Comprehensive Planning
Comprehensive planning has been a core area of research and practice throughout David Rouse’s career. During the 1990s he was instrumental in developing WRT’s values-driven planning approach, which bases plan vision, goals, and actions on shared values and aspirations determined through community engagement. Project examples include the FOCUS Kansas City Comprehensive Plan, awarded the Outstanding Planning Award for a Plan by the American Planning Association in 1999, and award-winning plans for Albany, NY, Annapolis and Cumberland, MD, Greensboro, NC, and Portsmouth, VA. David served as the lead consultant for the Imagine Austin Comprehensive Plan, which sets a vision and blueprint for the future of a rapidly growing Texan city created with the input of thousands of citizens.

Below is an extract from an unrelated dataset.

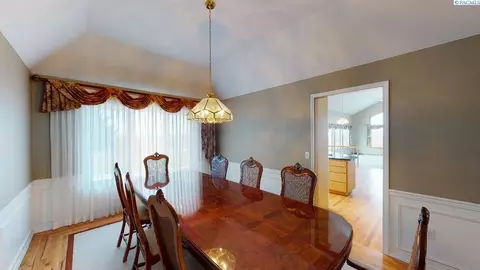 1810 NW Nicole Ct, Pullman, WA 99163 photo 6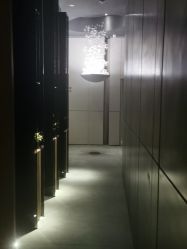 -美壹生皮肤管理中心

David played a key role in developing APA’s Comprehensive Plan Standards for Sustaining Places, which provide a national benchmark and resource for local jurisdictions seeking to integrate sustainable practices into their comprehensive plans. He served as a volunteer member of the Sustaining Places Task Force and Working Group that developed the draft standards. As APA Research Director he worked with 10 pilot communities to finalize the standards, co-authored the PAS Report Sustaining Places: Best Practices for Comprehensive Plans with the late David Godschalk, and supervised launch of a program that used the standards to recognize exemplary comprehensive plans.
David Rouse and Rocky Piro co-authored The Comprehensive Plan: Sustainable, Resilient, and Equitable Communities for the 21st Century, published in 2022 by Routledge Press. Since 2022, David has taught a course on comprehensive planning for the University of Maryland’s Urban Studies and Planning program using this book as the textbook.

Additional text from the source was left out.